Evan Bottcher is the Head of Architecture at MYOB. This article by Evan discusses strong and weak forces in domain-driven architecture.
MYOB has been around for more than 30 years. It has made a major change from being dated and difficult to work with Windows desktop product to being fully online cloud-connected. It has moved beyond core accounting features into having a broader set of business management features that people use to run their businesses.
There are different ways how people approach APIs. Some are completely autonomous and are free to make their tech decisions. On the other hand, some have a strict prescription for what you can do.
Standardization at MYOB
At MYOB, we have three capability tiers – Product, Customer, and Business and Technology.

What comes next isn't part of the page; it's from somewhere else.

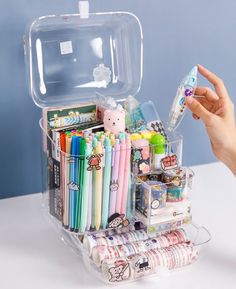 a clear plastic case filled with lots of different types of pens and pencils on top of a white table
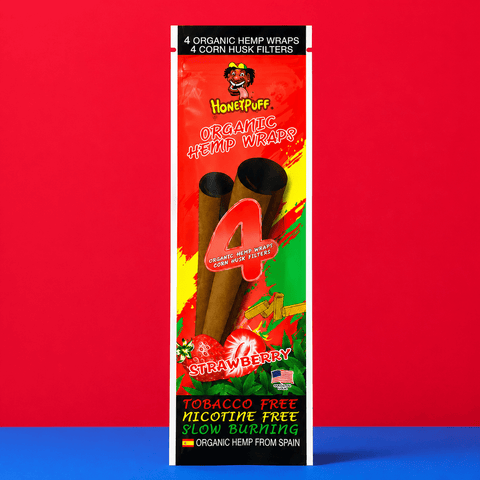 Honey Puff Organic Hemp Wraps -Strawberry (4pk) | Shisha Glass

At the top, we have product features that our customers use every day. In the middle, we have our customer and business capabilities to sell our products and manage our business. And then we have technology capabilities underneath. We use a building block called Domain. It’s a cohesive unit of capabilities. A domain represents a grouping of things, data, user interface, processes, people, and systems. You build it; you own it; you run it but within a boundary. Within the Domain, we have agile and DevOps teams that plan, build, run, and support software. Having these domains, and having them well defined and long-lived, allows us to concentrate our expertise, bring together systems and deduplicate and manage that technology estate within a meaningful business construct. It allows us to align on technology. It allows for reuse, although reuse isn’t necessarily the upfront goal of the consolidation.
We compose those domains into what we call verticals. These generally relate to our customer segment, particularly in our product space. So small and medium enterprise customers have a segment to vertical. And there are leadership teams and structures to help people align and work towards their goals and then manage the estate.
So, now that I’ve given you a bit of a building block and constructs, I want to explain how that impacts the way we do governance and standardization.
The strongest force starts when you have a team that works together every day; they have lunch together, work under the same leadership, they are aligned on goals they’re working together. They have a very strong force of alignment that they will be able to align easily. That same strong force applies to teams within a domain.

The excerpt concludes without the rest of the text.